Data excerpts:

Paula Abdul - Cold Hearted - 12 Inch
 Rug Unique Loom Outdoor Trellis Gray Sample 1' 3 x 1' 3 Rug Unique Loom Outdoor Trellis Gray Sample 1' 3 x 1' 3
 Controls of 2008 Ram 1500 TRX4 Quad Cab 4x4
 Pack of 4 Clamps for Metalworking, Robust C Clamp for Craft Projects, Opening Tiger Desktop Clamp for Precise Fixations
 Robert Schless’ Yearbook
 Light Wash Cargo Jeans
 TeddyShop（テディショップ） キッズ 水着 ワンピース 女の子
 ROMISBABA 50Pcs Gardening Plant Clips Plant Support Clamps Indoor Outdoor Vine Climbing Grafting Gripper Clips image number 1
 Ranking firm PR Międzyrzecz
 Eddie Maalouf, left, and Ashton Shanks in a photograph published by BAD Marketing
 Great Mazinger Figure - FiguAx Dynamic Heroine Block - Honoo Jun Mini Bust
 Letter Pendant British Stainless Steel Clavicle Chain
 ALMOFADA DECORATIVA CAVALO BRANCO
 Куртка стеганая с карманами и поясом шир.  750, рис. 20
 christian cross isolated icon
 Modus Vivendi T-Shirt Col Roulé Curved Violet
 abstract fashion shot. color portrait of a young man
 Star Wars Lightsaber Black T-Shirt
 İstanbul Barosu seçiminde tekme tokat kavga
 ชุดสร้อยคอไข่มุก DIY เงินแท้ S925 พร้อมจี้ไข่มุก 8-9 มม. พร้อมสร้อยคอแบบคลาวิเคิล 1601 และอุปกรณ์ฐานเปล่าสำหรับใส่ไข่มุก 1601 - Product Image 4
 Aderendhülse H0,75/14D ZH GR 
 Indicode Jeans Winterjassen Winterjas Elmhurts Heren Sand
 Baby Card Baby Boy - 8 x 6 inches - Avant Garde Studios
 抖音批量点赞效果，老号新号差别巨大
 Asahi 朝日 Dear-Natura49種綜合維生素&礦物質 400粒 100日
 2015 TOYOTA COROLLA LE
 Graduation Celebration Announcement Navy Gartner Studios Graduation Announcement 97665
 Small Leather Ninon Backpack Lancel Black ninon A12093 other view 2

REQUIRED WORK: The reply must consist solely of the lines from the one containing "Asahi 朝日 Dear-Natura49種綜合維生素&礦物質 400粒 100日" through the last line of the data, reproduced exactly.

RESPONSE TO THIS TASK:
 Asahi 朝日 Dear-Natura49種綜合維生素&礦物質 400粒 100日
 2015 TOYOTA COROLLA LE
 Graduation Celebration Announcement Navy Gartner Studios Graduation Announcement 97665
 Small Leather Ninon Backpack Lancel Black ninon A12093 other view 2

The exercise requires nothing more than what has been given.